À la fin de l’été 1923, une enquête d’Albert Londres sur les bagnes de Guyane, publiée dans Le Petit Parisien, provoque de vives réactions en France. L’opinion publique découvre alors avec stupeur les pratiques inhumaines que l’administration pénitentiaire réserve aux forçats, ces condamnés aux travaux forcés dans les bagnes coloniaux.

Le Secours rouge, peu après sa fondation, s’empare du sujet en réclamant la suppression des conseils de guerre et des bagnes militaires. Dès 1924, André Marty met la lumière sur la détention à Cayenne de communistes hongrois, qu’il avait croisés fortuitement quelques années plus tôt lors de leur transit dans une prison du sud de la France. Capturés par l’armée française en 1919 lors de l’écrasement de l’éphémère République des conseils de Hongrie, puis envoyés en Guyane et en Nouvelle-Calédonie, ils sont libérés – pour ceux qui survivent aux rudes conditions de vie du bagne – grâce à l’action du SRI. Le Secours rouge échoue cependant à faire gracier Cheikou Cissé, un tirailleur sénégalais condamné en 1918 à la déportation à vie pour « excitation à la guerre civile ».

Au tournant des années 1930, c’est un autre nom de bagnard, Paul Roussenq, qui résonne dans toutes les têtes. Emprisonné dès ses 18 ans pour vagabondage et violences à magistrat, ce jeune anarchiste écope en 1908 (à 23 ans) de vingt années de travaux forcés pour avoir mis le feu à sa cellule, lors de son service militaire dans un corps disciplinaire d’Afrique du Nord. Transporté en Guyane, celui que l’on surnomme « l’Inco » (l’incorrigible) continue d’accumuler les sanctions et de nouvelles peines d’emprisonnement. Tenant tête inlassablement à l’administration, il totalisera, durant ses années au bagne, près de 4 000 jours au cachot, enferré et sans lumière…

Le Secours rouge se saisit à partir de 1928 de l’affaire, en érigeant Paul Roussenq en symbole du combat pour la fermeture des bagnes. Une première victoire est arrachée, le forçat obtenant une grâce le 6 août 1929. Reste toutefois un hic : s’il n’est plus soumis aux travaux forcés, il demeure astreint à la résidence perpétuelle en Guyane – une mesure réservée aux condamnés à des peines supérieures à sept années de travaux forcés.

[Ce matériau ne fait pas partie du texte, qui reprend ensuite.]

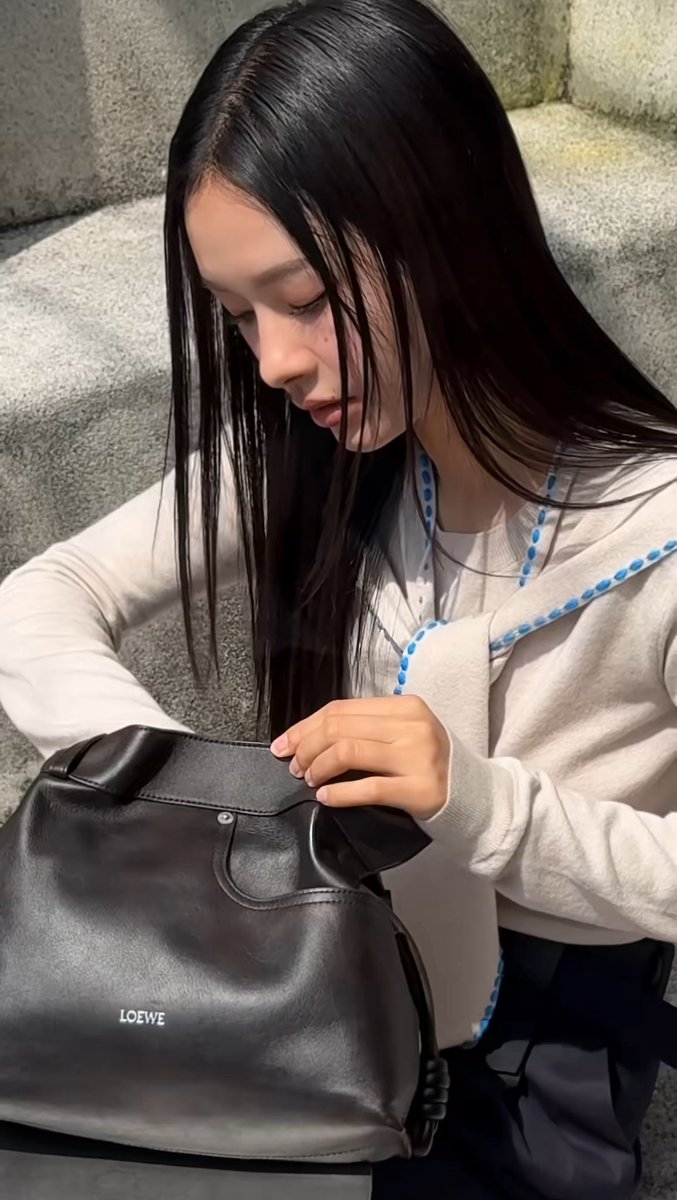 リエバッグ the very definition of 'perfection' 😭 #LOEWExMilk #MilkPansa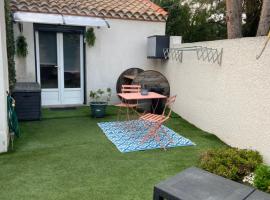 Le cocon, hotel v destinaci Vias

La mobilisation redouble alors d’intensité. En plus des subsides envoyés chaque mois à Paul Roussenq et à sa mère, les actions du SRI se multiplient dans tout le pays : meetings, fêtes, manifestations, souscription, brochures et même une pièce de théâtre mettent à l’honneur le bagnard. Une pétition réunit 600 000 signatures pour réclamer sa libération. Le calvaire se termine finalement le 6 août 1932, avec l’annulation de son obligation de résidence en Guyane, qui ouvre la voie à son rapatriement en métropole.

Vingt-quatre années après son départ pour le bagne, Paul Roussenq débarque à Saint-Nazaire le 28 décembre 1932. Deux jours plus tard, des milliers de Parisiens se massent devant la gare d’Austerlitz et repoussent les charges de la police pour faire un triomphe à ce « damné sortant de l’enfer ».

Sitôt arrivé, l’ancien forçat s’engage corps et âme avec le Secours rouge. Ambassadeur du combat pour l’amnistie et la libération des prisonniers, il sillonne le pays et anime des dizaines de meetings. « Je souhaite que mon retour soit le signal du renforcement de la lutte à outrance et sans répit contre les crimes du régime », écrit-il dans l’Humanité.

Mais l’éternel insoumis, en proie au doute après un séjour en Union soviétique et renouant avec ses idéaux libertaires, s’éloignera quelques mois plus tard du SRI et du mouvement communiste.